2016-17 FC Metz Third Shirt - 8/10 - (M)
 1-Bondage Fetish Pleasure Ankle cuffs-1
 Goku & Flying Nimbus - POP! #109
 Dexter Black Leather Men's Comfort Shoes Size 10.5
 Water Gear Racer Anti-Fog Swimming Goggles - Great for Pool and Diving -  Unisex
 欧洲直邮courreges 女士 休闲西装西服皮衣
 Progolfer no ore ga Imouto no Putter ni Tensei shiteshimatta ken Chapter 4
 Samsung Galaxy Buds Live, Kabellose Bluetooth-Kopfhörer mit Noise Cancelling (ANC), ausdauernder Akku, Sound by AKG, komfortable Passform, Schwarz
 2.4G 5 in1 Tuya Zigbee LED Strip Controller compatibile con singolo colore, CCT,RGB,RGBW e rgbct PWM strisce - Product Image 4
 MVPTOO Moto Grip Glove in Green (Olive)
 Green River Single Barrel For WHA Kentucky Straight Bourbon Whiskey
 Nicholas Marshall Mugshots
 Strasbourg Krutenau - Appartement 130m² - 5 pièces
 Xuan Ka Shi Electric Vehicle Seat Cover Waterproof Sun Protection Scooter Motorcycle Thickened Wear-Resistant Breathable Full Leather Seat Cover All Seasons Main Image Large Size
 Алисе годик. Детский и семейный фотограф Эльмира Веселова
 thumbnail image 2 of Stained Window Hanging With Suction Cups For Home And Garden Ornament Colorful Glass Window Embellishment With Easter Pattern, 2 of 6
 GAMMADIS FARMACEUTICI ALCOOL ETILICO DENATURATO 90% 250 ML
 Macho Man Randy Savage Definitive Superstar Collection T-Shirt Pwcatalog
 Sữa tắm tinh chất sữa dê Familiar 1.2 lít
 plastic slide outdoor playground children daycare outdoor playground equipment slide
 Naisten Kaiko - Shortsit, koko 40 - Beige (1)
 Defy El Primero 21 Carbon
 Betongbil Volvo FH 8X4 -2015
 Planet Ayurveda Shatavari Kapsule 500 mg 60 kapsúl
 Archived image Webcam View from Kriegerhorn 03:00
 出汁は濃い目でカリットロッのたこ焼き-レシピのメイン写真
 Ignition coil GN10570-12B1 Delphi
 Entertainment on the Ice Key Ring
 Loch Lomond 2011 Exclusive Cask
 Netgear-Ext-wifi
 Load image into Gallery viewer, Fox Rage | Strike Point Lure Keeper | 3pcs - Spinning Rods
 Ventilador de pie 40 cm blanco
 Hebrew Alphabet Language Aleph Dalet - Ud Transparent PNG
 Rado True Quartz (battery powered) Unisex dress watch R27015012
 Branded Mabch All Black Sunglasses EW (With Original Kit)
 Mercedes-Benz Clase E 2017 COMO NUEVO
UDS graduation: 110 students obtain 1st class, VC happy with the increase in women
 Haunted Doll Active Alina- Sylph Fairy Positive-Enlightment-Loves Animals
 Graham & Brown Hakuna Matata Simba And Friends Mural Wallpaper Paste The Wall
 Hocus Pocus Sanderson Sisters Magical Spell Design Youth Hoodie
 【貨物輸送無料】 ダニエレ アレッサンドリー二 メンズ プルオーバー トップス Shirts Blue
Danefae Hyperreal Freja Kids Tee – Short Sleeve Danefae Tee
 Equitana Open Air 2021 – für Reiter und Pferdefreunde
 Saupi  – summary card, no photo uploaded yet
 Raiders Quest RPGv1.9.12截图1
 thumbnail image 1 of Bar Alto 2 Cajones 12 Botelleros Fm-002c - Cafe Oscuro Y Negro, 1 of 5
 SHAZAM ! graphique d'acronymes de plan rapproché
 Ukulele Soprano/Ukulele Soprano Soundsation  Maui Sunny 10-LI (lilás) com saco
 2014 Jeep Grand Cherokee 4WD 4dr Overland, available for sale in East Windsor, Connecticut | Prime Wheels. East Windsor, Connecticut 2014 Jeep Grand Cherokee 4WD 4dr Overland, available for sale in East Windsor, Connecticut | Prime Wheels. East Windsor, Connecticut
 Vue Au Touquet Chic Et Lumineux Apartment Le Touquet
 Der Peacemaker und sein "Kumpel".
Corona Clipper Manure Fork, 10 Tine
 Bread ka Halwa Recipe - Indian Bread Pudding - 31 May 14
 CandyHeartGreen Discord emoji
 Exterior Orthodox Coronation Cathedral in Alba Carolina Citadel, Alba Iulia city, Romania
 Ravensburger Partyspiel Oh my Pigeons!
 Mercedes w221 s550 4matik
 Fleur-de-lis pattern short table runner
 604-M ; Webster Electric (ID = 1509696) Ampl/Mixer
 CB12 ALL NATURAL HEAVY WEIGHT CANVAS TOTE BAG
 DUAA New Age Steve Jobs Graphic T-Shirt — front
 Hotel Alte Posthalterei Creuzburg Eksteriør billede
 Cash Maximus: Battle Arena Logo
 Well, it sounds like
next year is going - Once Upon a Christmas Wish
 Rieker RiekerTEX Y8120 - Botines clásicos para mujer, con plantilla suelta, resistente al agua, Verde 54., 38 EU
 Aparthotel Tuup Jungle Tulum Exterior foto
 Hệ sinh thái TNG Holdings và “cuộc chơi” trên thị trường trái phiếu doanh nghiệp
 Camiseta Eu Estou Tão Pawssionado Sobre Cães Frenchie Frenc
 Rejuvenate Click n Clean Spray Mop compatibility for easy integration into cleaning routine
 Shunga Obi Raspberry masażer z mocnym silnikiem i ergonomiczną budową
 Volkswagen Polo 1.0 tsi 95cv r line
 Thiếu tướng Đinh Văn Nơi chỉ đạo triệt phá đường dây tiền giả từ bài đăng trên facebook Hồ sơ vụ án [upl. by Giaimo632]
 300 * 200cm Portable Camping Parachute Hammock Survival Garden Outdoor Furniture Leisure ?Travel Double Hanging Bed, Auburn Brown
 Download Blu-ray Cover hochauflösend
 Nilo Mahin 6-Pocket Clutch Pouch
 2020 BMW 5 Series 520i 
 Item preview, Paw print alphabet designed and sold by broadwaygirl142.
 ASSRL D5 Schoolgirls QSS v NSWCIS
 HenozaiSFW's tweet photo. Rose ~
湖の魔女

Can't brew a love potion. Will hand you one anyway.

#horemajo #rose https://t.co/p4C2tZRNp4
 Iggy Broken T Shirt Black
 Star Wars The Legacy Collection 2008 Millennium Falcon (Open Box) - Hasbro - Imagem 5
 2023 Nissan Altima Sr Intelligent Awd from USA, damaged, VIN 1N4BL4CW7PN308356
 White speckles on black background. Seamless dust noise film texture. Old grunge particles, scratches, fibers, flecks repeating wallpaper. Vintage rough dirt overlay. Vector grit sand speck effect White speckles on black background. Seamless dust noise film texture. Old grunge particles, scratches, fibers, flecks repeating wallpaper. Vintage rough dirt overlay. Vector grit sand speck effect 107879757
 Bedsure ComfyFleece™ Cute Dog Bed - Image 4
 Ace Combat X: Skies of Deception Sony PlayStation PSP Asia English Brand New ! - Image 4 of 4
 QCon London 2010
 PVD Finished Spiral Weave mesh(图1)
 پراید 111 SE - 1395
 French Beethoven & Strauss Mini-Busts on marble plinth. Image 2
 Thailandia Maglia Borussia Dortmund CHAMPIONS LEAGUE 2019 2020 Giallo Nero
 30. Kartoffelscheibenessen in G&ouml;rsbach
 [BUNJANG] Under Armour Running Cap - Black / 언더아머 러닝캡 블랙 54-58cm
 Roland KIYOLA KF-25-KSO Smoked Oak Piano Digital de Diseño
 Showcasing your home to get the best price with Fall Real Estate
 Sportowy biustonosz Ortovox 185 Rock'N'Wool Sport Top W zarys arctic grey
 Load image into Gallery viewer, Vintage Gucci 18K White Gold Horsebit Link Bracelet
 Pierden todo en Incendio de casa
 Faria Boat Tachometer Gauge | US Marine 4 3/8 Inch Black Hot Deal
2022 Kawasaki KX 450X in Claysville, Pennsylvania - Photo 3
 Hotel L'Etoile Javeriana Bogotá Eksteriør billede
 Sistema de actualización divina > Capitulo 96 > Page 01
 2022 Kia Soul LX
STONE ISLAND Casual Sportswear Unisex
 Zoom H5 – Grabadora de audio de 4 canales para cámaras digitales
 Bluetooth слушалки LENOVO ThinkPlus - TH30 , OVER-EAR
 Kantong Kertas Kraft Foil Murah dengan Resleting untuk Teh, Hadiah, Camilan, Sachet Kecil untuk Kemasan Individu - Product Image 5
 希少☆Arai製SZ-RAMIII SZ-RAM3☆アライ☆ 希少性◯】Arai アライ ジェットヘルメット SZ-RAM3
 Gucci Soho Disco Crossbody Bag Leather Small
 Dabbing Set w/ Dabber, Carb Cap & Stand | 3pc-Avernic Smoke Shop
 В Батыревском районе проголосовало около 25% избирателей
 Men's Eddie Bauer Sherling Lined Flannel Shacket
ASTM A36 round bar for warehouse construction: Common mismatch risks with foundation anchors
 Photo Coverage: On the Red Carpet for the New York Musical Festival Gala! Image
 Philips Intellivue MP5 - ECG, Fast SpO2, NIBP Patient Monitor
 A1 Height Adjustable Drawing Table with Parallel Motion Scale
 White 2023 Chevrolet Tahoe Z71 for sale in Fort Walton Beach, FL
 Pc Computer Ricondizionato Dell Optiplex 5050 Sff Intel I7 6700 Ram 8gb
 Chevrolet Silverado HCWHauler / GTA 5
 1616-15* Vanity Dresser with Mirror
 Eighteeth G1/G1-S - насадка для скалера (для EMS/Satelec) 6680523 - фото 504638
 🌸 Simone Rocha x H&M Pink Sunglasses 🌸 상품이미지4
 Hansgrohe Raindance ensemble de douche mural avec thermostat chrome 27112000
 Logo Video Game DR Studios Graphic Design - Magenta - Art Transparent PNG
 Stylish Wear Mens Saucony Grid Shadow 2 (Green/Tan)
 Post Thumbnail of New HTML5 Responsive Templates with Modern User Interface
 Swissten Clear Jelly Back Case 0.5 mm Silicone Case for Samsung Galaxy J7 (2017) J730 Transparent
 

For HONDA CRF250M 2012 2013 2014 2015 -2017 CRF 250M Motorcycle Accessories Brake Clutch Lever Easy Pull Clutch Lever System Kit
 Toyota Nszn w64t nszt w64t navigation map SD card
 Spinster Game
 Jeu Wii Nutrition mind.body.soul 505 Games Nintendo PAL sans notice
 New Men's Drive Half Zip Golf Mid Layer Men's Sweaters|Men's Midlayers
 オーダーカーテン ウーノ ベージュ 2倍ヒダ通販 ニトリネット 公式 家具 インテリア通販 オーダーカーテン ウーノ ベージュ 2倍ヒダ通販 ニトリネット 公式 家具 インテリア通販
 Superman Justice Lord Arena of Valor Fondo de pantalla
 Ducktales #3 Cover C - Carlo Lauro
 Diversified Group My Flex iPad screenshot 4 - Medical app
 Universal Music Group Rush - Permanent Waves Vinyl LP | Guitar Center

****************

Return word for word the lines above from the line with "Mercedes w221 s550 4matik" to the line with "300 * 200cm", including both and leaving out all others.

 Mercedes w221 s550 4matik
 Fleur-de-lis pattern short table runner
 604-M ; Webster Electric (ID = 1509696) Ampl/Mixer
 CB12 ALL NATURAL HEAVY WEIGHT CANVAS TOTE BAG
 DUAA New Age Steve Jobs Graphic T-Shirt — front
 Hotel Alte Posthalterei Creuzburg Eksteriør billede
 Cash Maximus: Battle Arena Logo
 Well, it sounds like
next year is going - Once Upon a Christmas Wish
 Rieker RiekerTEX Y8120 - Botines clásicos para mujer, con plantilla suelta, resistente al agua, Verde 54., 38 EU
 Aparthotel Tuup Jungle Tulum Exterior foto
 Hệ sinh thái TNG Holdings và “cuộc chơi” trên thị trường trái phiếu doanh nghiệp
 Camiseta Eu Estou Tão Pawssionado Sobre Cães Frenchie Frenc
 Rejuvenate Click n Clean Spray Mop compatibility for easy integration into cleaning routine
 Shunga Obi Raspberry masażer z mocnym silnikiem i ergonomiczną budową
 Volkswagen Polo 1.0 tsi 95cv r line
 Thiếu tướng Đinh Văn Nơi chỉ đạo triệt phá đường dây tiền giả từ bài đăng trên facebook Hồ sơ vụ án [upl. by Giaimo632]
 300 * 200cm Portable Camping Parachute Hammock Survival Garden Outdoor Furniture Leisure ?Travel Double Hanging Bed, Auburn Brown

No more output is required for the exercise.